Kafka.jl usage


#1

Hi there ! Does anyone use a Kafka.jl package? I have a problem with connection with one of my kafka topic, below is my code:

using Kafka
kc = KafkaClient("my_host", 6667)

consumer = fetch(kc, "my_topic", 0, 0)

while true                 
        for each in take!(consumer)
              println(each)
        end         
end

Code stops on header = recv_header(sock) command in file “client.jl” (part of kafka.jl package) and I do not know why, does anyone have an idea?

function handle_response(kc::KafkaClient, sock::TCPSocket)
       header = recv_header(sock)

Might it be because I have 4 kafka brokers?

Thanks !


#2

fetch in Kafka.jl is a rough equivalent of sending a single FetchRequest, i.e. reading a single chunk of data from a particular topic and partition. Thus the line:

consumer = fetch(kc, "my_topic", 0, 0)

is semantically incorrect: instead of a consumer object, fetch returns a one-time channel with a single chunk of response data that you can read using:

channel = fetch(kc, "my_topic", 0, 0)
message = take!(channel)

The advantage of channels over normal response is that they are asynchronous, and this exactly what Kafka is about. For example, instead of waiting for a message to appear in the channel, you can continue async processing using map:

map(response -> do_smth(response), channel)

Kafka supports many kinds of workflows. Three most different examples are built-in consumer groups which allow to read all topics from several machines and automatically coordinate offsets, Apache Storm which processes messages asynchronously as they arrive and Apache Spark that handles messages in batches. Kafka.jl doesn’t assume any specific workflow, but instead provides flexibility to build any of them.
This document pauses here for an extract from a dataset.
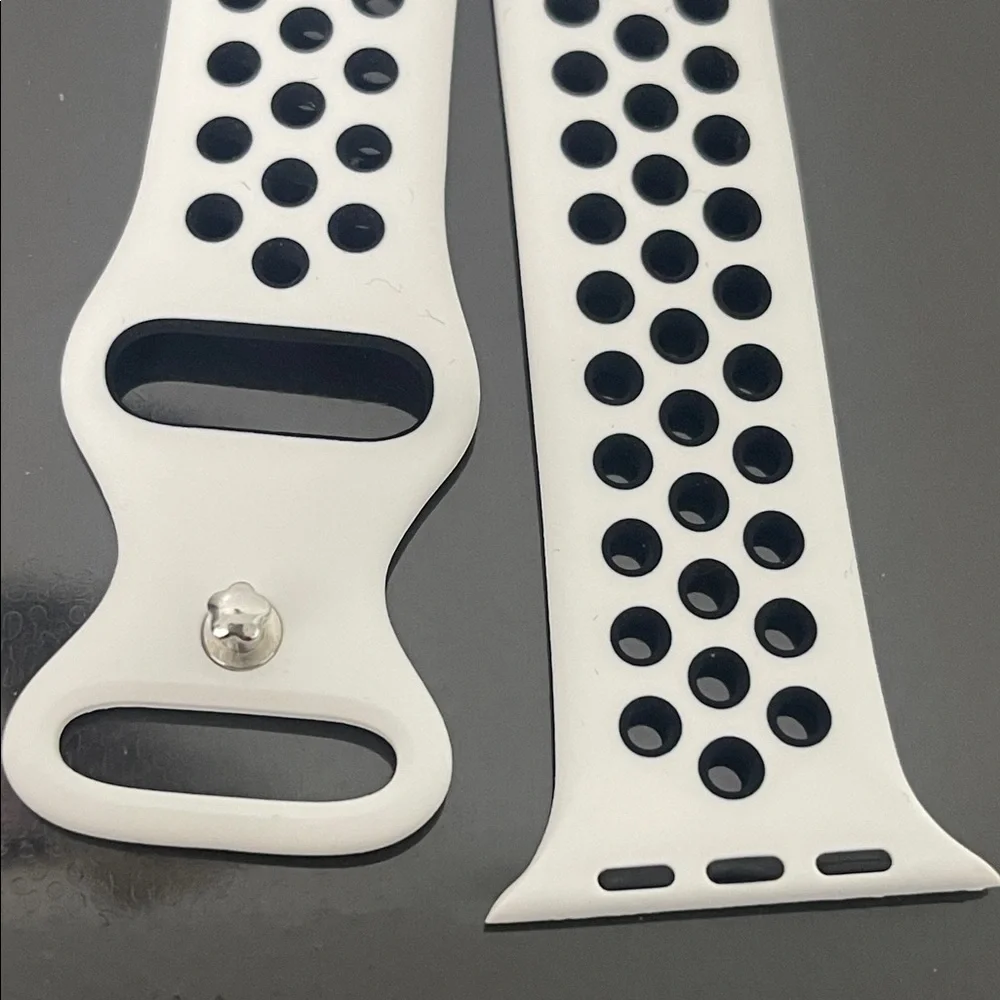 White and Black Smartwatch Band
The downside of the current approach is that only relatively low-level API is provided.

Do you have a specific task at hand? If you describe it, I’ll try to come up with the best soution for you and maybe add it to Kafka.jl as a more high-level API.


#3

HI Andrei, Thank you so much for your support, I’ve discovered that it might be the case with Kafka version - on 0.10 Kafka.jl works very nice, but I have a problem on 0.9. Do you know if Kafka.jl works on earlier releases of Kafka?

Thanks !


#4

Do you mean the code you have posted in your first message? As I’ve told this is the wrong usage of the API, and if it works for Kafka 0.10, it should be a coincidence. What do you try to achieve?


#5

Hi, here is my code I use now:

using Kafka

kc = KafkaClient("host", 6667)
md_channel = metadata(kc, ["topic"])
md = take!(md_channel)
start_offset = take!(earliest_offset(kc, "topic", 0))             

for each in take!(fetch(kc, "topic", 0, start_offset))
            println(each)
            start_offset = (take!(latest_offset(kc, "topic", 0)))
 end

and it works perfectly on cluster with Kafka v 0.10, but does not on another cluster with Kafka 0.9, so that’s why I was wondering whether it’s because of Kafka version.


#6

Ah, I see. First of all, a quick reminder of what Kafka is made of.

Apache Kafka keeps data in topics, where each topic is split into a set of partitions. Roughly speaking, each partition is a file consisting of a long list of messages, each with a unique offset.

Unlike most other queues, Kafka doesn’t remove messages from topics when all consumers have read them. In fact, in its core, Kafka doesn’t know about consumers at all. Instead, Kafka removes messages after a preconfigured rotation period, and consumers themselves are responsible for keeping track of offsets. If consumer stops and doesn’t read anything from Kafka for longer than rotation period, It’s consumer’s problem - Kafka doesn’t even have a way to check if a consumer is up to date.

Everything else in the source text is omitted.